There's also a very practical reason why minority students are more likely to pick law school or medical school over business school: a perceived guarantee of steady work.

"Historically in minority communities, becoming a doctor and becoming a lawyer are very prestigious and safe career tracks," Rice says. "When you have a license to practice medicine, or you pass the bar and you have a license to practice law, historically you could practice largely in your own community. A business degree doesn't give you a license to practice anything. Navigating in the corporate and business world is perceived to be more risky."
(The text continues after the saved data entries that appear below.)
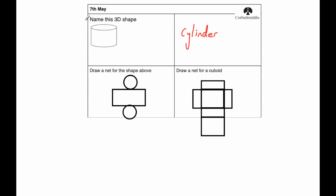Next is draw a net for that shape. As you can see, we've got a rectangle, that's the curved bit going around, and you've got a circle for the top and a circle for the bottom, so it looks something like this.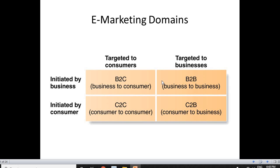The third is C2C — consumer to consumer. One consumer has a product and wants to pass it to another consumer who wants that same product. Earlier this option wasn't easily available, but now because of digital marketing and online methodology it is possible. The last one is C2B, where the consumer initiates to the business. It could be in the form of feedback or some kind of discussion. So C2B is initiated by the consumer and targeted to the business.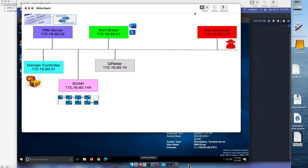This is part one of a three-part series on detection, prevention, and resolution of incidents that has to do with pass the hash.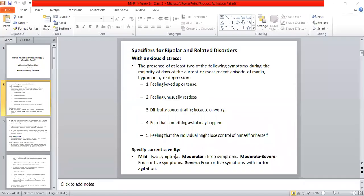Now we have a specific current severity of anxious distress — moderate to severe and severe symptoms. If there are two symptoms present, then we give mild anxious distress with mild current severity. If there are three symptoms present, it will be moderate. If there are four or five symptoms, then it will be moderate to severe.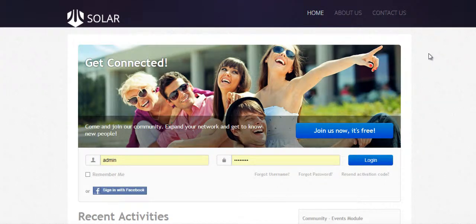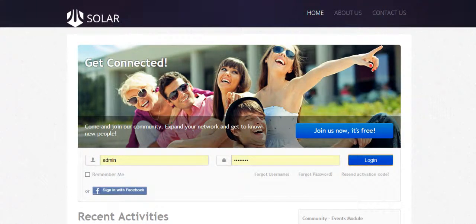Hey guys, what's going on? This is Matthew Taman, and I'm excited to bring you this course: how to create a social network site. You're going to learn how to create a thriving social network website just like this one. At the end of this course, you're going to have your website up and going in no time.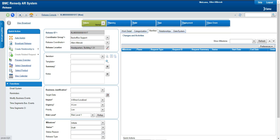When I created a new release, you can see there are different stages: Initiate, Planning, Build, Test, Deployment, and Closed. Initiate is just the initial stage of the release — you initiate the release and it moves into Planning.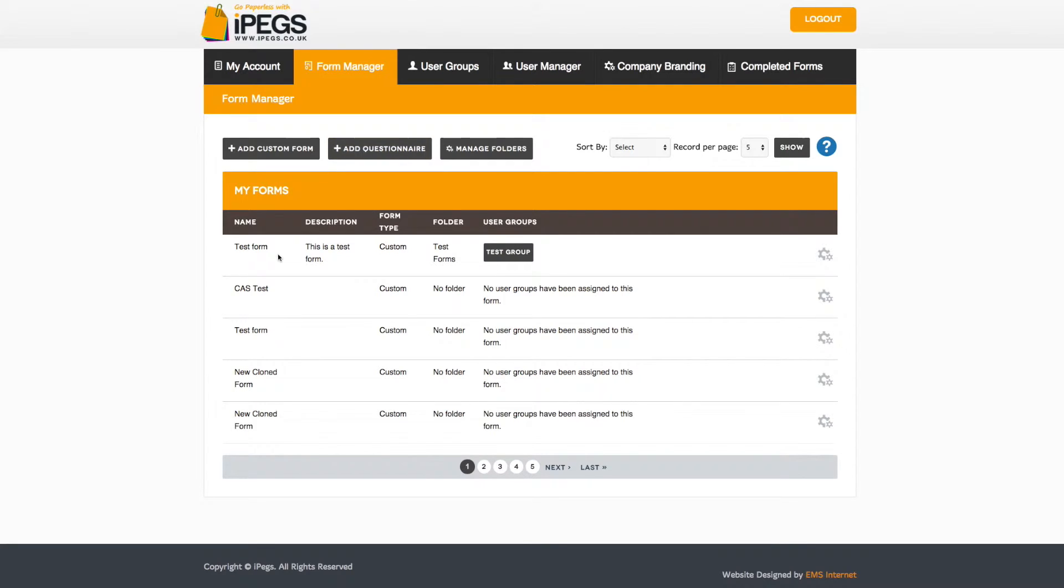Then from a list of your saved forms, select the form you wish to edit by clicking on the Settings icon.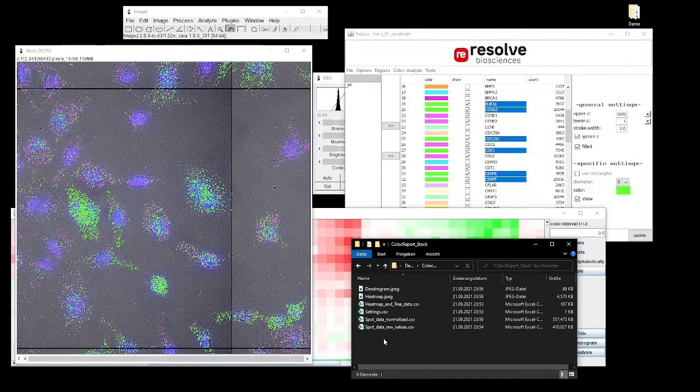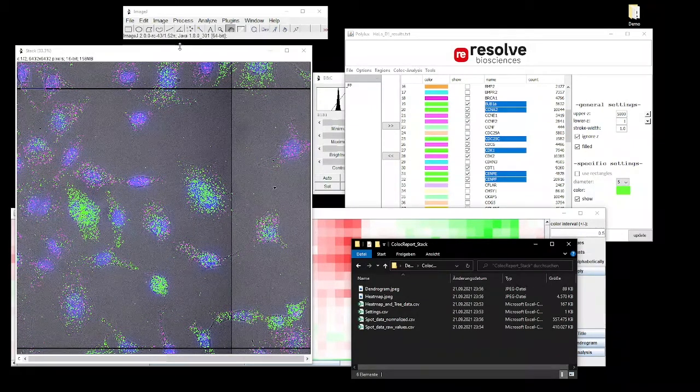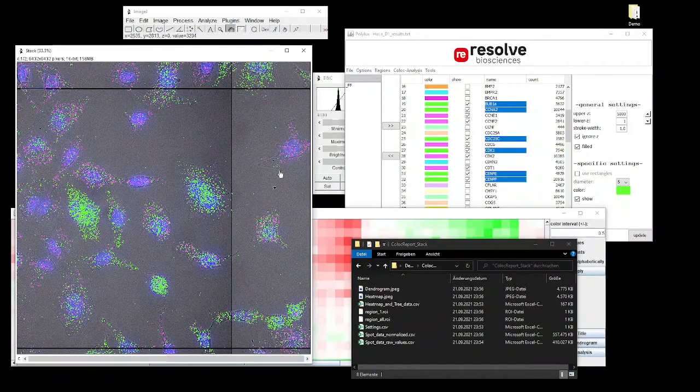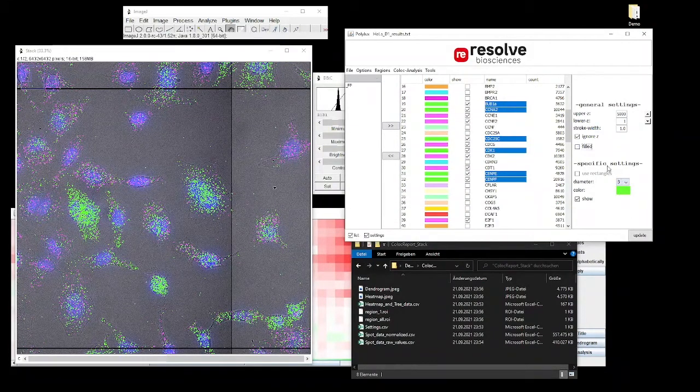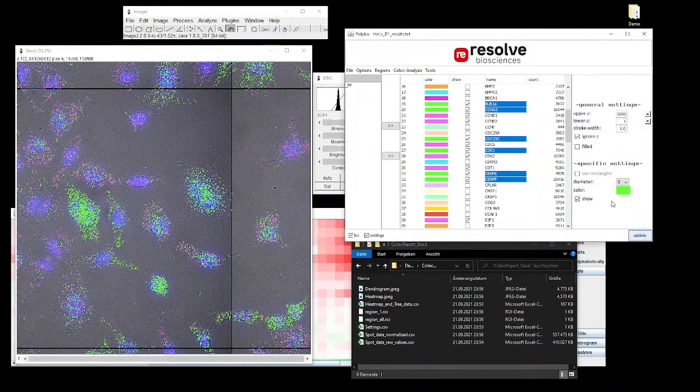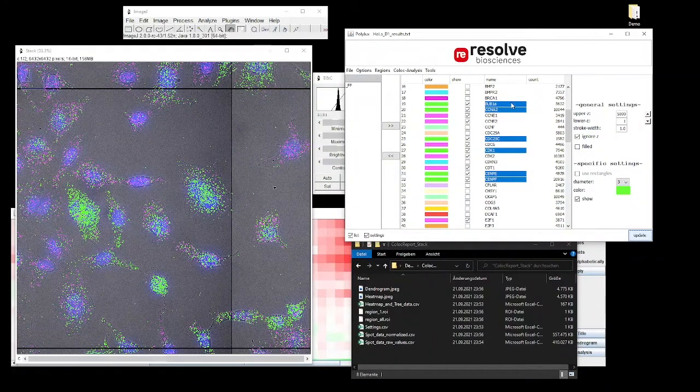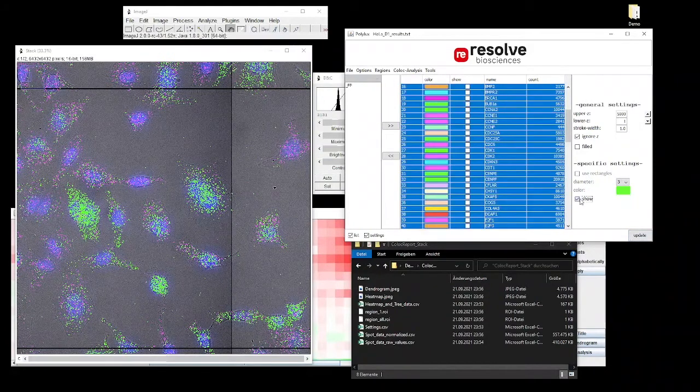Now we have saved the results and we have a dendrogram and a heatmap image file, and also the transcript locations as comma separated text values to explore the data we have generated further.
Ultimately, says MLT chief operating officer Fred Smagorinsky '87, management is simply not regarded as a profession in the way that medicine and law are.

"There isn't a credential at the end," he says. "There isn't a test at the end. There's a certain body of knowledge that you have to absorb to become a lawyer or a doctor, and that's just not true with business. You learn things in business school that help you become a better and more effective businessman, but there isn't a standard body of knowledge that is required. Because of that lack of structure, business is seen as being a fuzzier entity in terms of your career.

"This is not specific to the demographic groups that we work with," he adds.

Perhaps if management had more of the qualities of the traditional professions—with a better-defined body of knowledge, a service ethic, a code of conduct, a certification exam—it would be more appealing to minority students.

Rice and Smagorinsky are skeptical. Says Rice, "The challenge that minorities face is a historical lack of understanding of what the business world is all about. I don't think just introducing a test or making it into something that you deem a profession would address that. They still have to be out in the business world and navigate that world."